つまり父親がレジで不満を爆発させても、「ああ、それが今の父の姿だ。でも僕は父が本当は誰なのか、何を本当に望んでいるのかを知っている」と深い理解と愛を持って見守る。
エイブラハム「このとき、あなたは恥ずかしがっているのではなく、愛と理解をもって親と共に立っている」と。
「内なる存在と調和した状態でいるとき、あなたは父親にとって衛星放送受信機(satellite dish)のような存在になる」
「彼らはこの世界がひどい場所ではない、という証拠を探している」
息子として謝罪に戻る行為ーーつまり他人の評価を気にする行動は、血を流している人に説教するようなもので、根本的な癒しにはならないと言う。
「彼がずっと探し求めている愛と理解のシグナルは、あなたが調和しているときにこそ届きやすくなる」
「苦しんでいる父親を、愛と理解の波動で見守るとき、あなたは彼がまだ辿り着けないホーム(本来の自己)への道を照らす光となるのだ」
親を正そうとするのではなく、自分自身が内なる存在の愛の中に立ち続ける。
「あなたが微笑み、理解を示し、その場から逃げずに寄り添うとき、彼の心は少しずつほどけていくかもしれない」
「お父さんが亡くなる前に、そのような瞬間がいくつかあったら素敵だと思わないかい?」
この真実を理解した上で、私たちは親のネガティブな言動にどう対応したらいいのだろう。エイブラハムは、他者へ説明したりするのではなく、自分自身の視点を変えることが重要だと教える。

アライメントして真の姿を見る
私たちが取るべき対応は、アライメントし、ステップ5に達すること。
※エイブラハムの「ステップ4」はアライメントの熟練レベル。そのさらに先にある「ステップ5」は、トラブルやネガティブな感情が訪れても「これでまた望みが広がる」と自然に受け止められるなどより源ソースに同調した成熟レベルのこと。翻訳本ではまだ触れられていない内容なので、ここで補足しておきます。

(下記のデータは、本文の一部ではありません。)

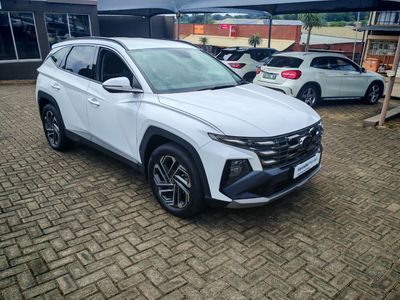 2025 Hyundai Tucson R2.0D Executive Auto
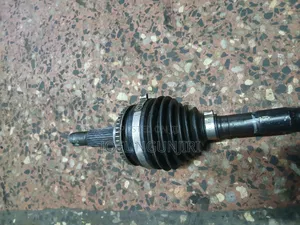 Driveshaft Fielder,Nze,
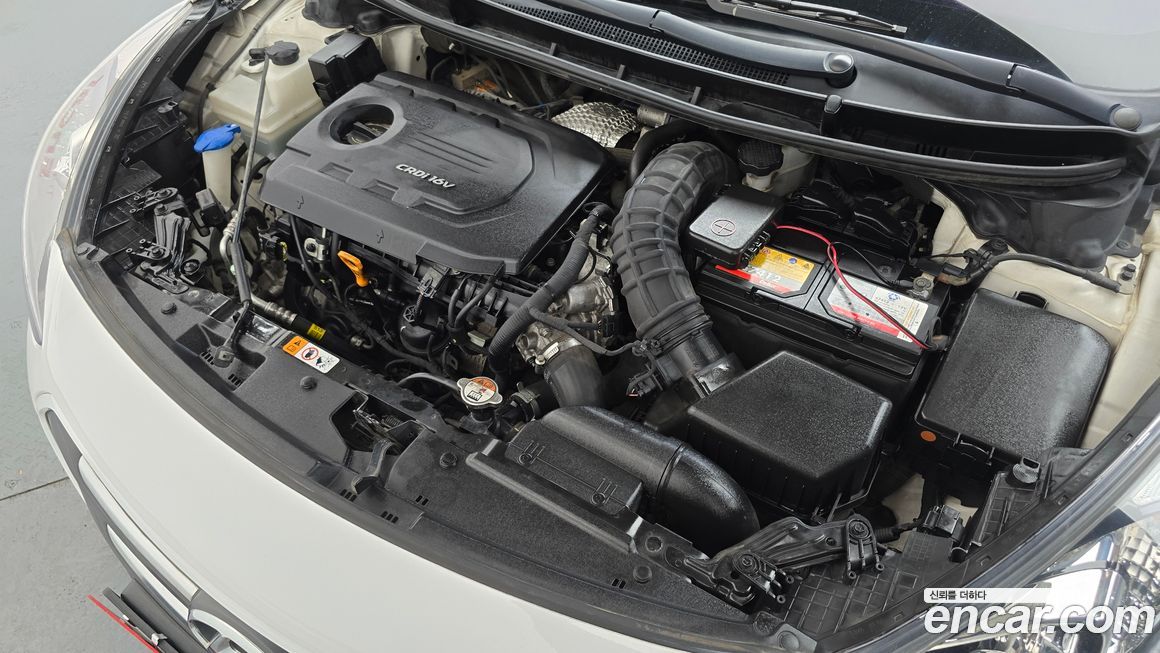 Hyundai i30 2016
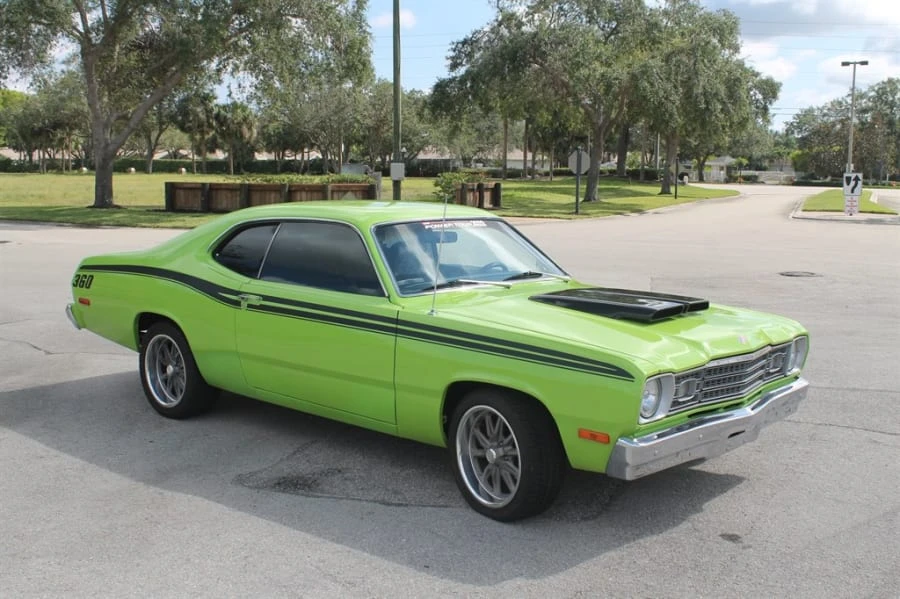 1974 Plymouth Duster - Image 7 of 27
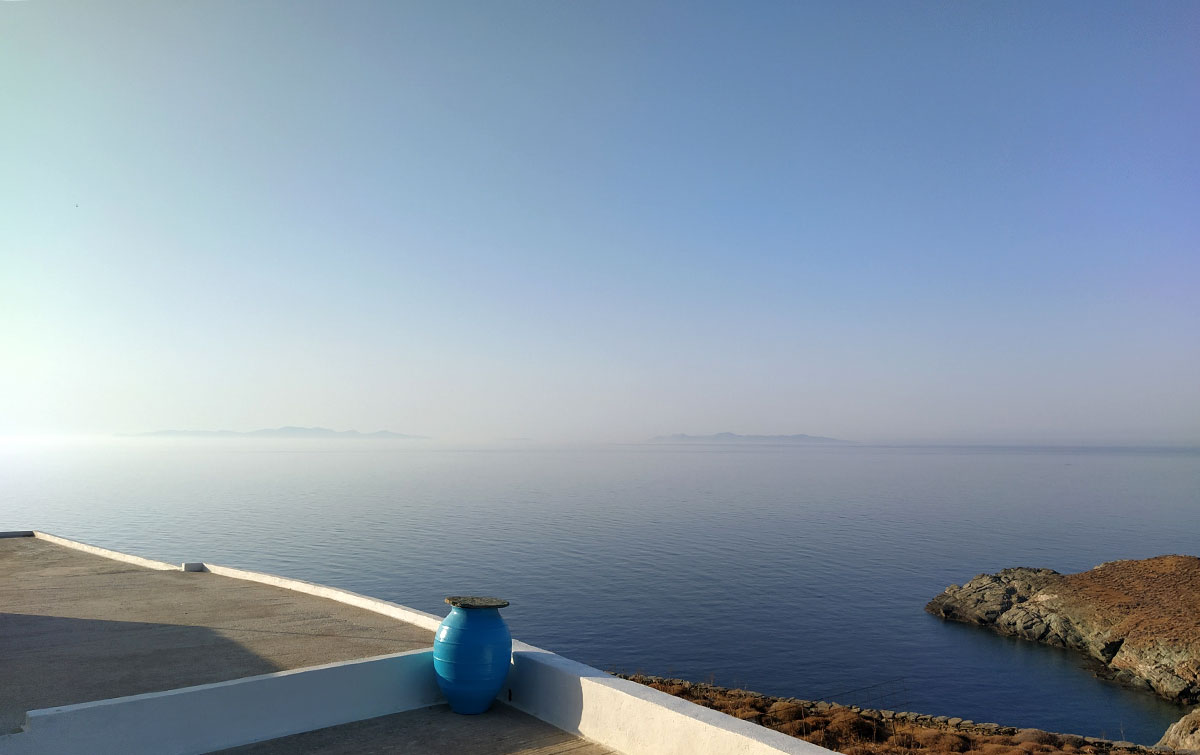 Apartments Sofia, Faros - Sifnos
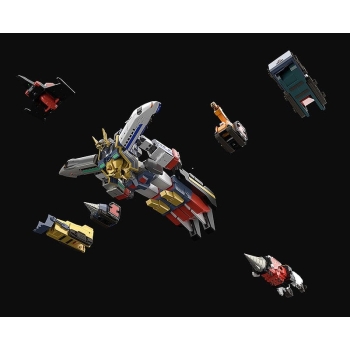 The Brave Express Might Gaine - Might Kaiser - The Gattai
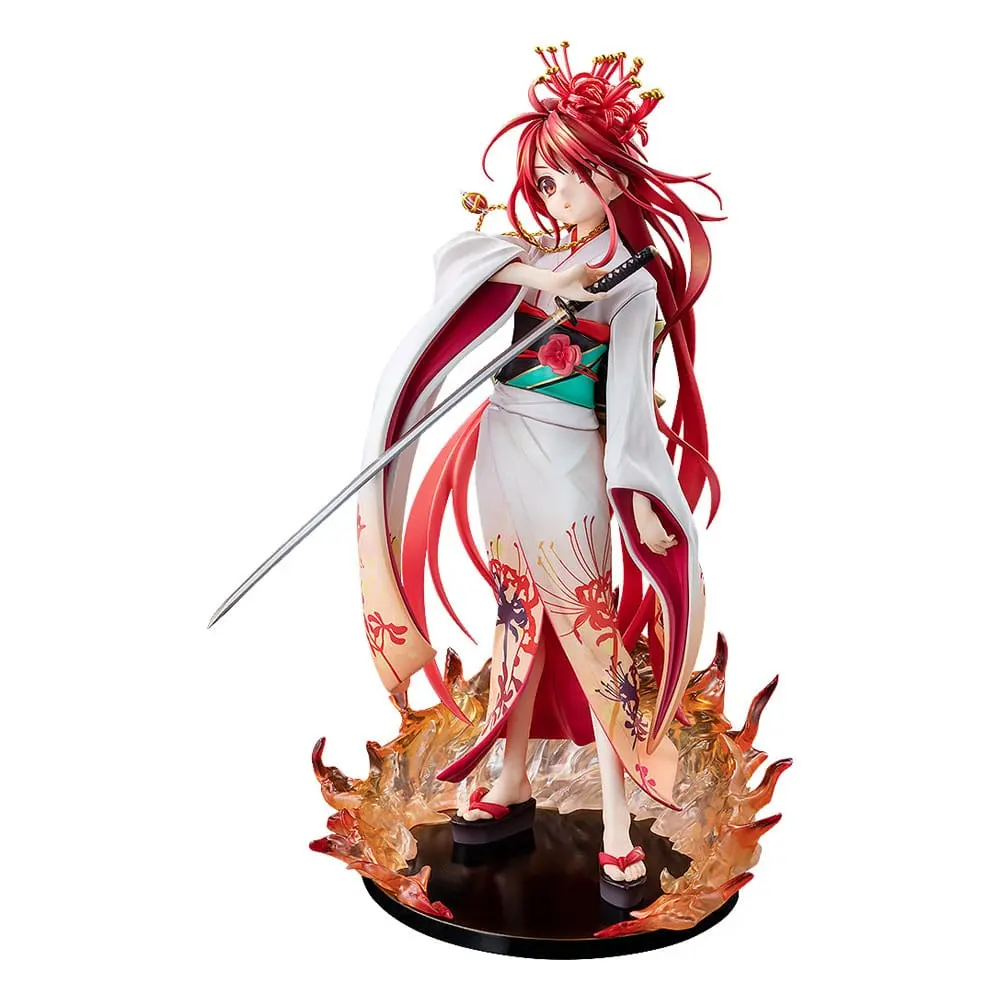 Shakugan no Shana PVC Statuetka 1/7 Shana Burning-Eyed Beauty Ver. 25 cm zdjęcie produktu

つまり、父親がレジで不満を爆発させるのを見ても、「ああ、それが今の父の姿だ。でも、私は父が本当は誰なのか、何を本当に望んでいるのかを知っている」という深い理解と愛を持つ。
このとき、「恥ずかしがっている」のではなく、愛と理解をもって父親と共に立っている。
また、エイブラハムが言うには、息子が内なる存在と調和した状態でいる最大の効果は、父親に対して「衛星放送受信機(satellite dish)」のような役割を果たせること。

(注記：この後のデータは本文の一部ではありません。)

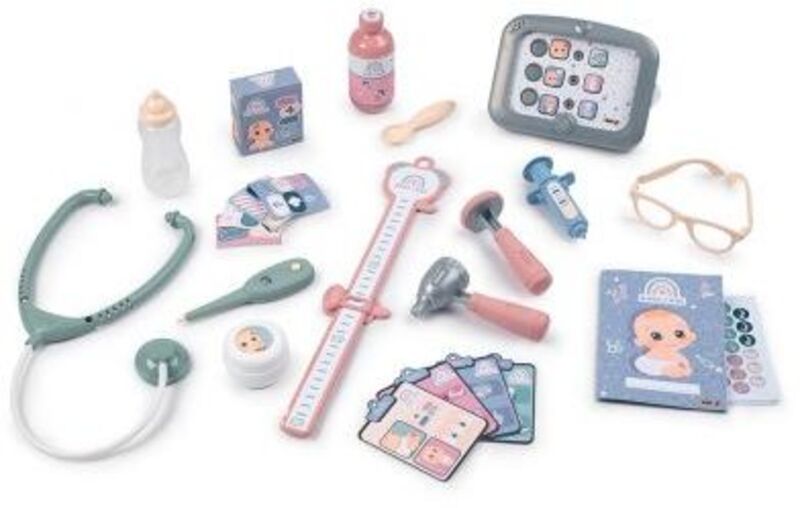 Smoby Baby Care Center (7/240305) φωτογραφία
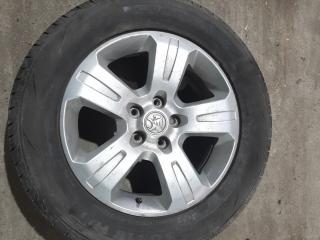 диск литой Chevrolet Captiva 1 поколение [рестайлинг] 2012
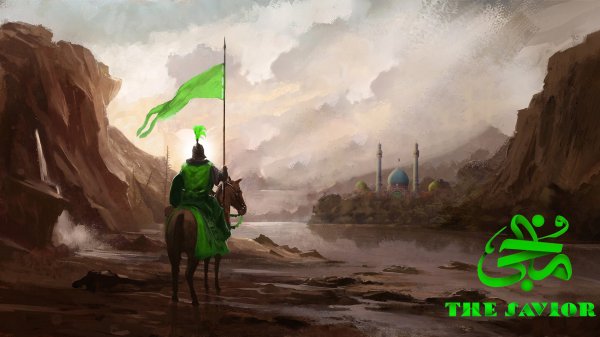 عکس مذهبی برای پروفایل واتساپ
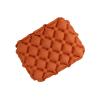 Inflatable Cushion, Portable Seat Pad, Air Travel Cushion, Anti Moisture Seat Mat, Bleacher Pad, Outdoor Camping Seater, 17.32x13.39x1.97 Inches Nylon, Inflatable Chair Mat view 1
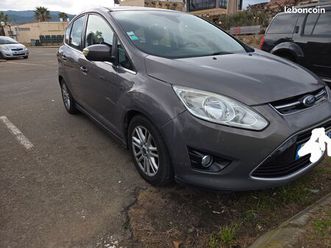 ford c max 1.8 140cv titanium 5places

「いつも不機嫌な父親は、この世界がひどい場所ではないという証拠を求めている」
息子として謝罪に戻る行為(他人の評価を気にすること)は、血を流している人に説教しに行くようなものであり、根本的な解決にならないとーー。
「彼がずっと探し求めている愛と理解のシグナルは、あなたが調和している状態にあるとき、より近くに届くようになる」
「苦しんでいる彼を、愛と理解の波動をもって見るとき、あなたは彼が到達できないでいる「ホーム(本来の自己)」への道を照らす光となるのだ」
「親を正そうとするのではなく、自分自身が内なる存在の愛の中に立ち続けること。あなたが微笑み、彼を理解し、逃げ出さないとき、少しずつ柔らかくなり始めるのに気づくかもしれない」と語った。
「お父さんが死ぬ前に、そのような瞬間がいくつかあったら素敵だと思わないかい?」
感想‐ 無条件の愛が関係を癒やす
ご多分に漏れず、親や身内の言動に困惑した経験がある。質問者の男性と同じように、周囲の目を気にして当事者をフォローしたこともあった。

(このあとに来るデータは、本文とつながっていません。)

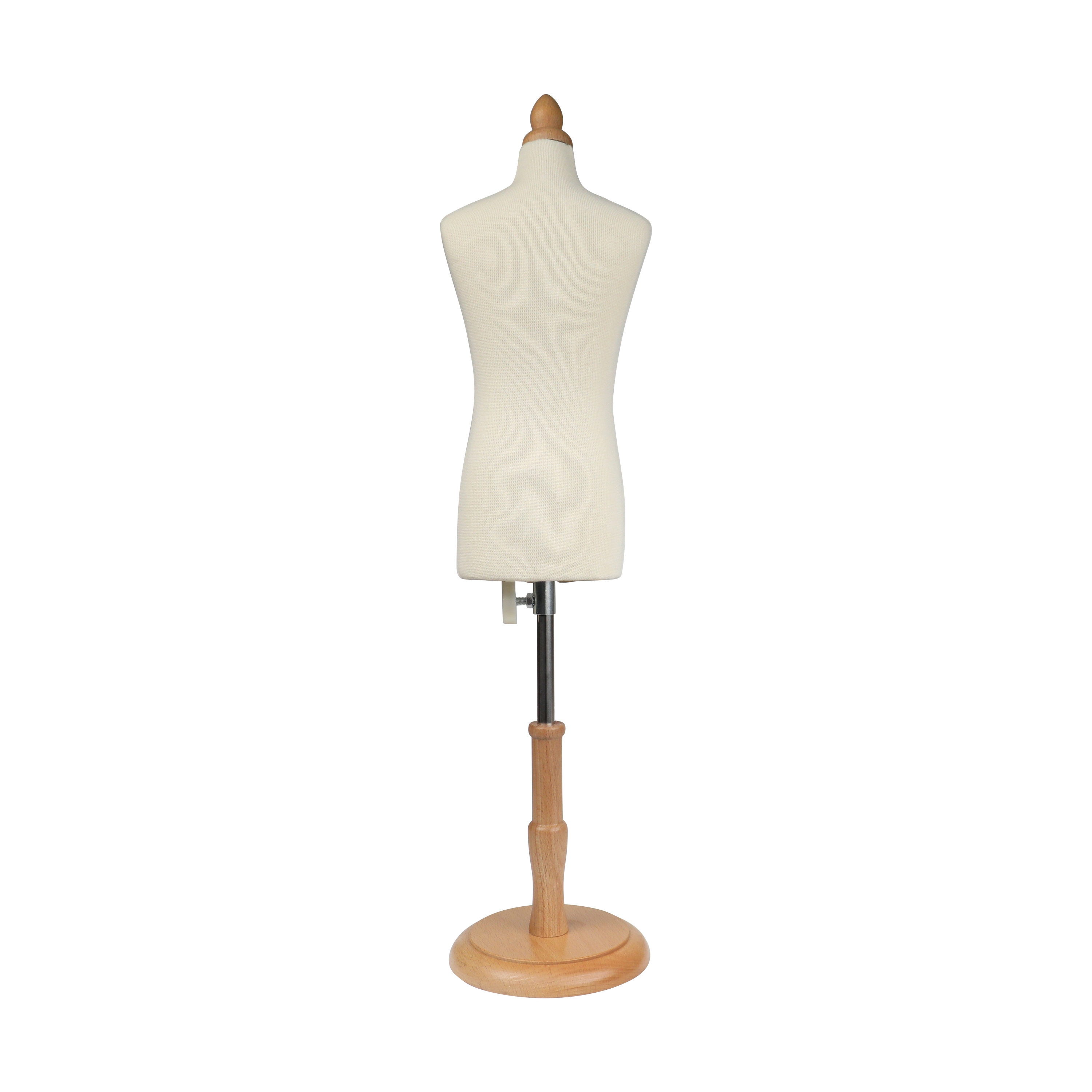 Miniature Male Dress Form: 1/4 Scale Pinable Sewing Mannequin - Etsy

この教えを聴いた後、あのとき自分は一体誰の味方をしていたのだろう、と改めて考えさせられた。
クレーマーやトラブルメーカー、横柄な態度をとる人、不平不満をまき散らす人たちーー。これまで「困った人」としか見えていなかった存在が、全く違う姿に映るようになった。
ネガティブな行動の裏側には、真の自己との断絶という血を流すほどの深い苦しみがある。
そのことを理解し、スピリチュアル実践者として「波動的な対応」を選ぶことで、相手との関係だけでなく、自分自身も癒やされていくのだと知った。
エイブラハムはこう語っていた。
「年を取るにつれて、人々は思考パターンにますます固執しがちで、そうやって不公平、不平等、そして世の中の悪事という彼らの思考を裏付ける証拠をさらに引き寄せてしまう」
それはつまり、本当の自分とのつながりを失った苦しみの表れーー。
レジ係に後から謝罪することも善意かもしれない。けれども本当に必要なのは、まず父親を無条件の愛で包み込んで理解することだと言う。
エイブラハムのこの言葉が忘れられない。
「お父さん、僕は本当のあなたを知っています。この状況下では、地球上の誰もがあなたのように頑固になるでしょう。なぜそうなのか理解できますから…」
ーーあなたの父親は、あなたにこの機会を与えている。本当に素晴らしいことなのだーー
親の姿を通して学ぶのは、結局のところ自分自身との調和なのかもしれない。
最後までお読みいただき、ありがとうございました。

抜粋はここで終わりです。